Task material:
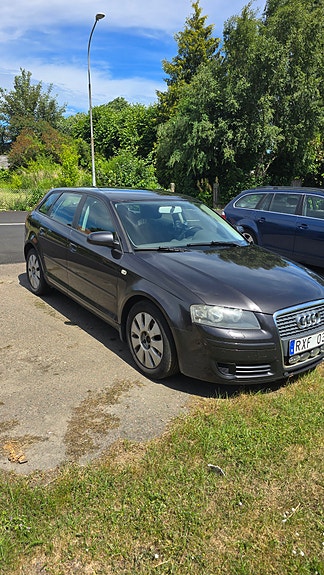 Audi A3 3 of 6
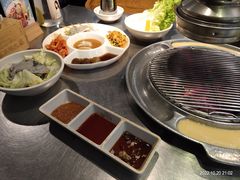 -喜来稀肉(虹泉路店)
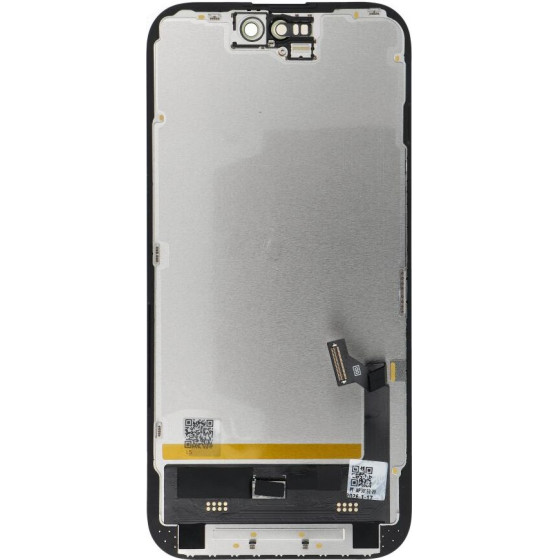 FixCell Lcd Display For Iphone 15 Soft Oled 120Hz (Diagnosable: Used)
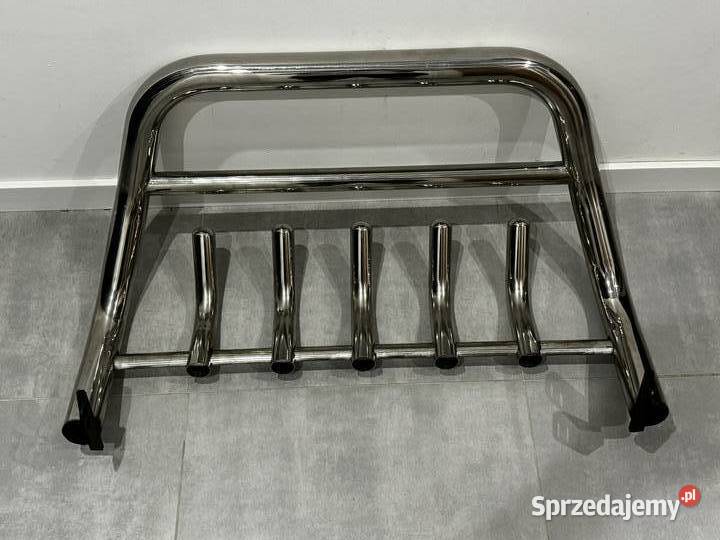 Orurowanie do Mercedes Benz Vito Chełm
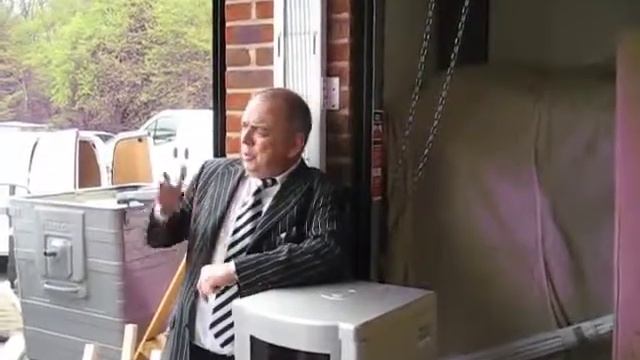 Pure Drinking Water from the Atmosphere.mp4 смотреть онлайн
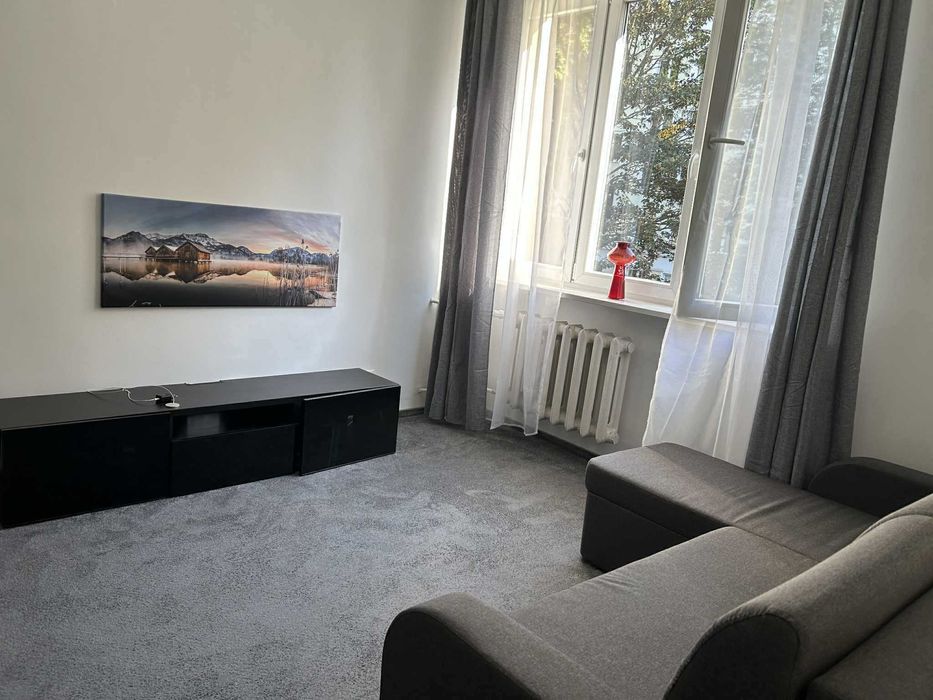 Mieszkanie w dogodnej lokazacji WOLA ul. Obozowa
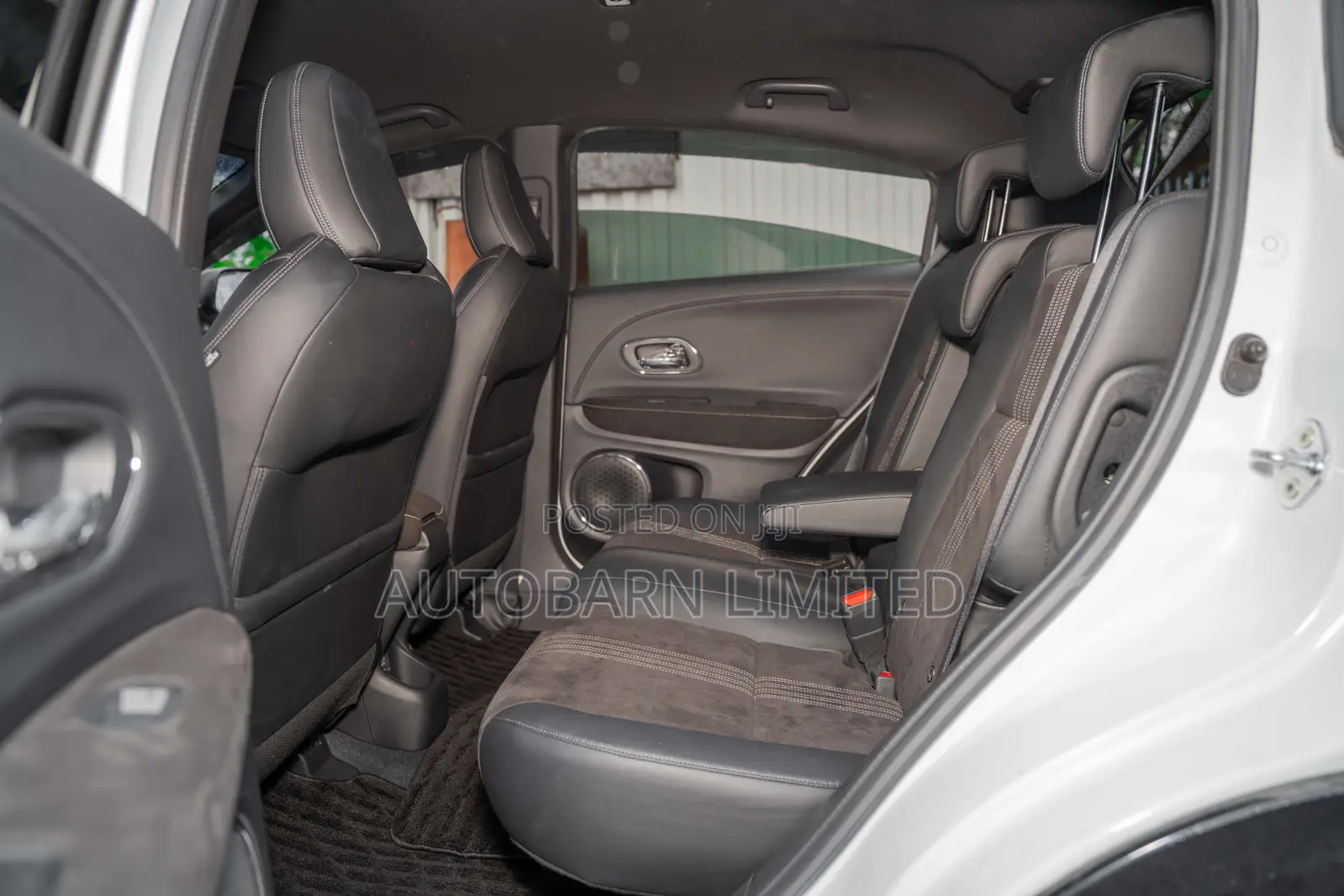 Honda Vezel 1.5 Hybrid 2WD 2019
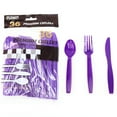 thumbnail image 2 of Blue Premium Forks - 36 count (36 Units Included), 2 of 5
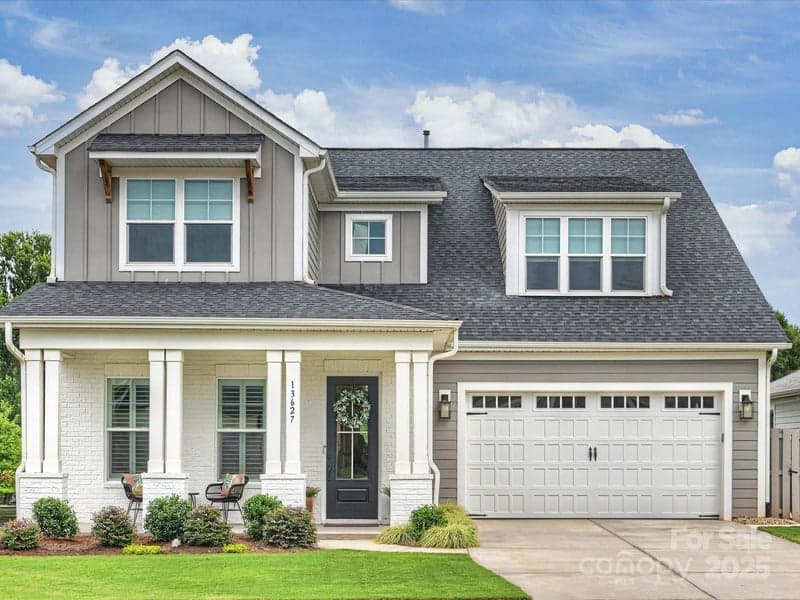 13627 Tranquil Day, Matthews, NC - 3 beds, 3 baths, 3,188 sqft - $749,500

* * *

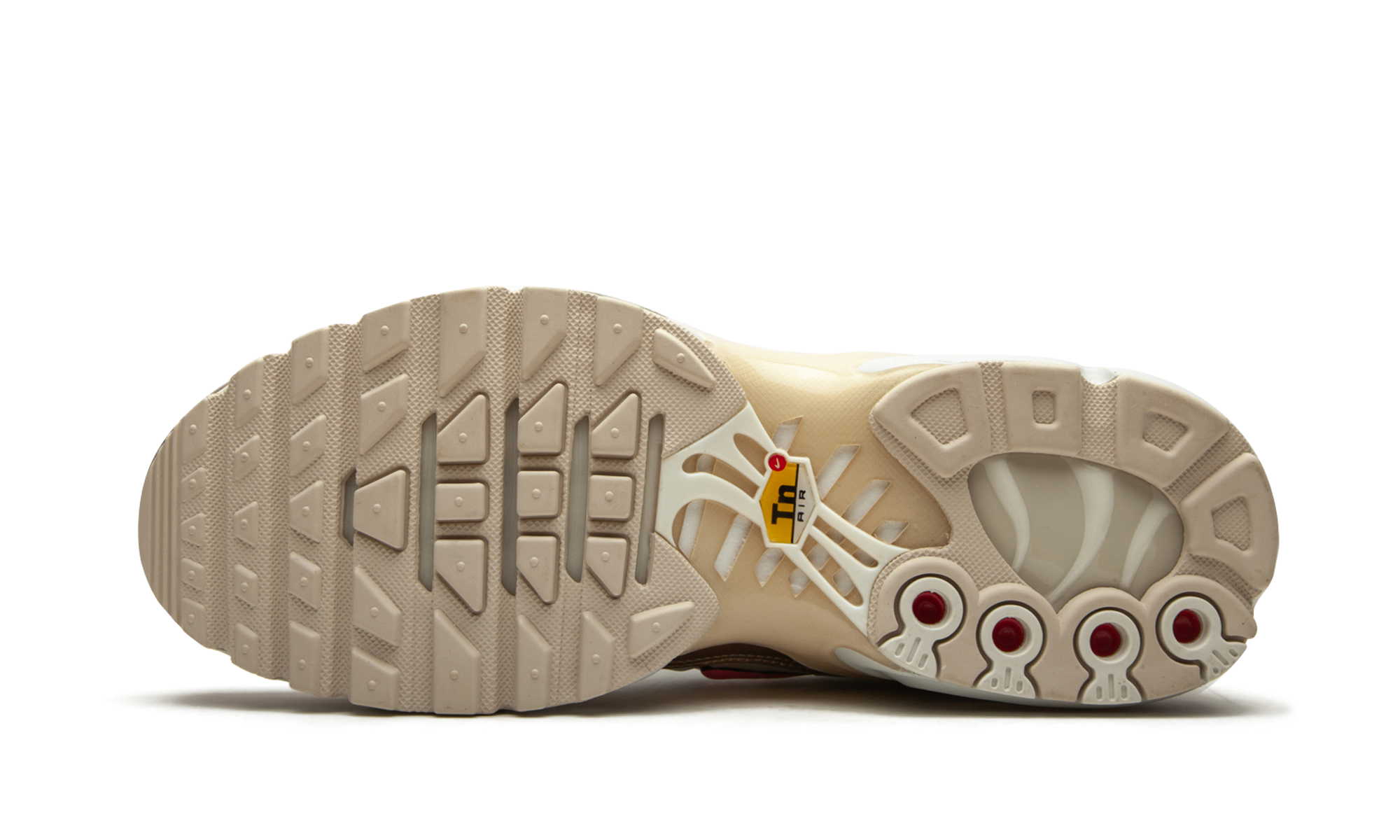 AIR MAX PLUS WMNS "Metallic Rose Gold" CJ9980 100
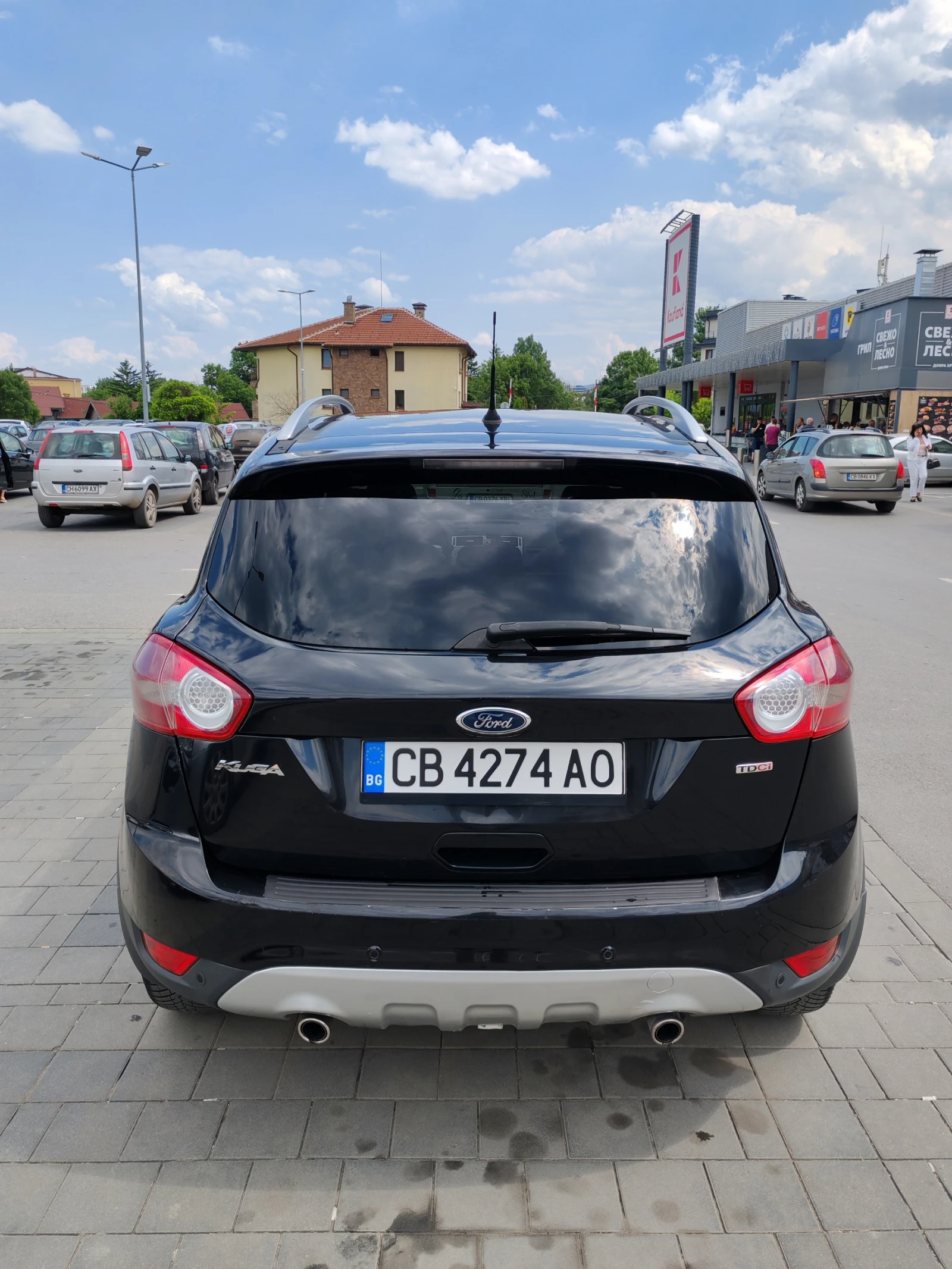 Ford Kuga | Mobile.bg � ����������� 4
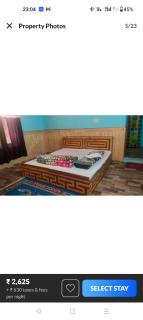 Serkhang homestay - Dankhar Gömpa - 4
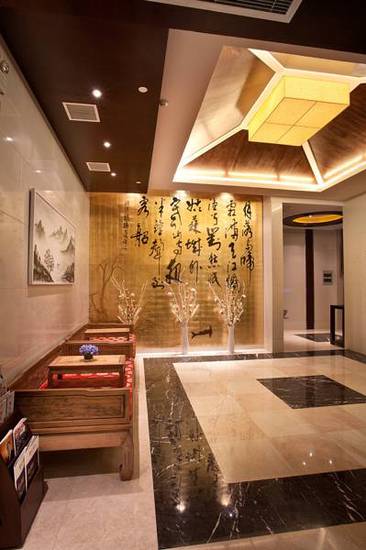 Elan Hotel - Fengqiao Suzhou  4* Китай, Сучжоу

--

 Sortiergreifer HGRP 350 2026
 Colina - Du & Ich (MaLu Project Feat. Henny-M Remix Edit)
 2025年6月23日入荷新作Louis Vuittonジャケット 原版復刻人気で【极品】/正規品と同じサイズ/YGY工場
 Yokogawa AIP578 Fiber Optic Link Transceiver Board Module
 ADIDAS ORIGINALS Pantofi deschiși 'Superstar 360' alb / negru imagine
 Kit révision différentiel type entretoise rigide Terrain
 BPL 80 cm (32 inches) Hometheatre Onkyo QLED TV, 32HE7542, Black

What you have to do:
The reply should hold exactly the lines above, starting at the line with "Mieszkanie w dogodnej" and ending at the line with "13627 Tranquil Day, Matthews, NC", and no pictures.

Finished exercise:
 Mieszkanie w dogodnej lokazacji WOLA ul. Obozowa
 Honda Vezel 1.5 Hybrid 2WD 2019
 thumbnail image 2 of Blue Premium Forks - 36 count (36 Units Included), 2 of 5
 13627 Tranquil Day, Matthews, NC - 3 beds, 3 baths, 3,188 sqft - $749,500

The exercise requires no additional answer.